While audit findings show both the FBI and the ATF maintain “effective internal control systems” preventing prohibited persons from buying guns from federally licensed dealers in 99 percent of cases, Inspector General for the Department of Justice Michael Horowitz said the system needs “a number of key improvements.”
“Although the overall error rate is low, an isolated breakdown can have tragic consequences,” he said Wednesday. “For example, the defendant charged with killing members of a Charleston, South Carolina church, should have been prohibited from buying his weapon. However, in his case, the NICS process was unable to obtain timely and accurate data from local agencies – which would have blocked that sale.”
Horowitz’s comments reference the so-called “Charleston loophole” — the clerical error that allowed a 21-year-old man to buy a .45-caliber Glock handgun in South Carolina without a completed background check last year.
The gunman opened fire during a Bible study at Emanuel African Methodist Episcopal Church in Charleston on June 17, 2015, killing nine parishioners. He pleaded not guilty the following month to 33 federal offenses, including hate crime charges, and will stand trial in January.
FBI Director James Comey said in the weeks after the shooting inaccurate data collected from the gunman’s criminal record spurred a breakdown in the agency’s background check process. He was arrested on felony drug charges in March 2015, but clerical errors in the local law enforcement reporting process didn’t record his admission of guilt — a detail, Comey said, should have returned an automatic rejection to the firearms dealer in Columbia where the shooter bought the gun.
Instead, the dealer proceeded with the transaction after the three-day waiting period had expired, despite the gunman’s “pending” background check — a decision Comey says is well within the rights of the law.
The Charleston shooter’s case remains one of the most high-profile breakdowns of the NICS system to date and has spawned legislation extending waiting periods on gun sales in multiple states.
An analysis of mass shootings between January 2009 and July 2015, released by Everytown for Gun Safety, found NICS should have denied gun sales in 44 out of 116 cases.
Horowitz said Wednesday the audit findings reveal states processing their own NICS transactions failed to update the federal database in 630 of 631 transactions reviewed.
State point of contacts processed 57 percent of the more than 119 million NICS transactions processed between 2008 and 2014.
“To help ensure the completeness of the NICS database, states are required to update it with supporting documents when a prospective purchaser attempts to buy a firearm and is approved, denied, or delayed,” Horowitz writes in the audit’s executive summary. “These failures mean the NICS database is incomplete, and increases the risk that individuals found by states to be prohibited purchasers could be able to purchase firearms in the future.”
The office recommends the FBI encourage state compliance with update requirements to NICS and to “explore legislation or regulations providing for timely record updates to include criminal history, the NICS Index, and status updates, and to identify best practices.”

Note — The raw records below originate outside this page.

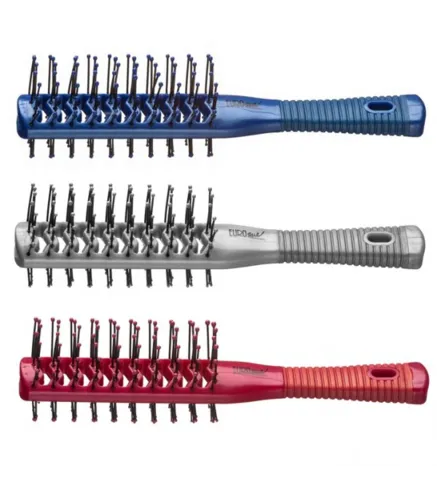 EUROSTIL DOBLE MANGO CEPILLO ESQUELETO BICOLOR GOMA TUNEL COLORES 1UN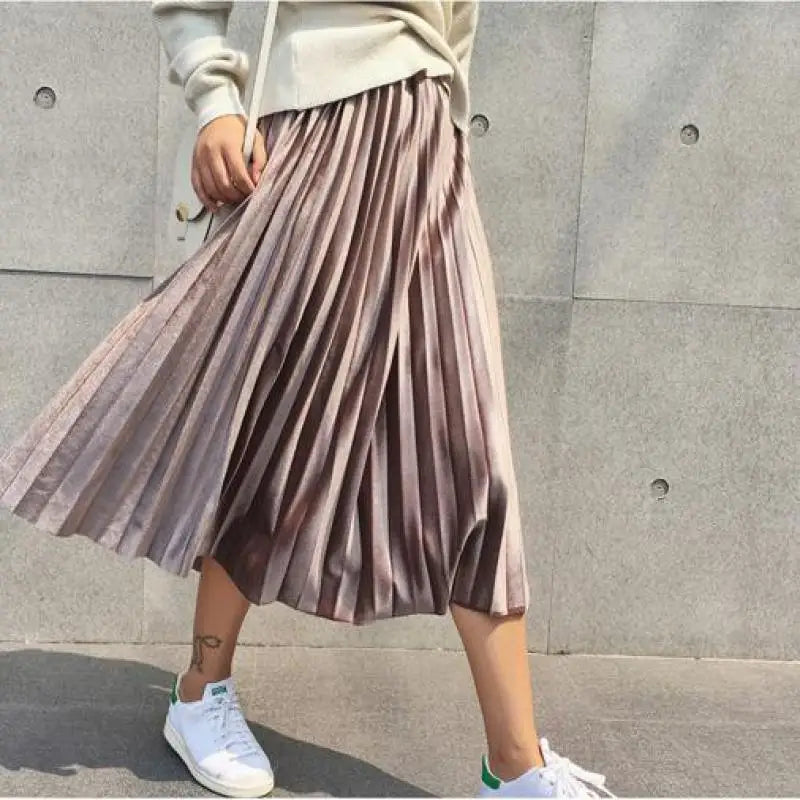 Frühling 2024 Frauen langer Metallic Silber Maxi Faltenrock Midi Rock High Taille Elascity Casual Party Rock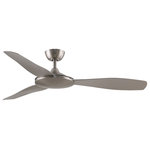 Fanimation - GlideAire, 52", Brushed Nickel With Brushed Nickel Blades - GlideAire by fanimation has a contemporary design and uses the latest technology. fanSync Bluetooth is included with purchase and GlideAire is WiFi compatible with the purchase of an optional control. This damp rated fan is available in three finish combinations and comes with a 31 speed DC motor.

James C. Langenberg, section chief of the Inspection Division’s External Audit and Compliance Section, agreed with the audit recommendation, though admitted it “would be the most challenging to implement.”
“The NICS Section will … explore updating the agreements for the NICS Point-of-Contact (POC) states to include recommended time frames to provide updates,” Langenberg said.
He said the agency will also draft an official document for state POCs to follow when reporting information to NICS and will partner with the FBI and the DOJ to explore legislative and regulatory changes that would allow agents to access multiple criminal databases, such as the National Data Exchange and Sentinel, when approving or denying background checks.